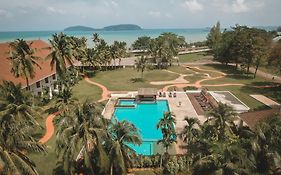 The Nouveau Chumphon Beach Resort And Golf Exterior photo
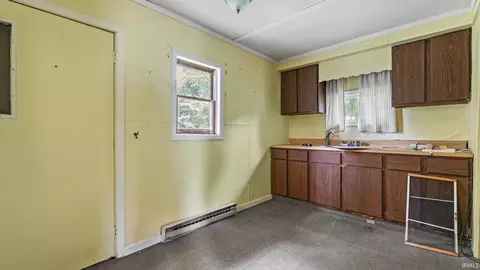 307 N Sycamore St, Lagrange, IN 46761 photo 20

----

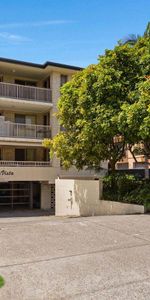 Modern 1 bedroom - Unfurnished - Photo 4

----

→ **Activity**:
When copying from the data above, begin at the line containing "The Nouveau Chumphon" and end at the line containing "307 N Sycamore"; return those lines exactly and leave all pictures behind.

→ **Answer to this problem**:
 The Nouveau Chumphon Beach Resort And Golf Exterior photo
 307 N Sycamore St, Lagrange, IN 46761 photo 20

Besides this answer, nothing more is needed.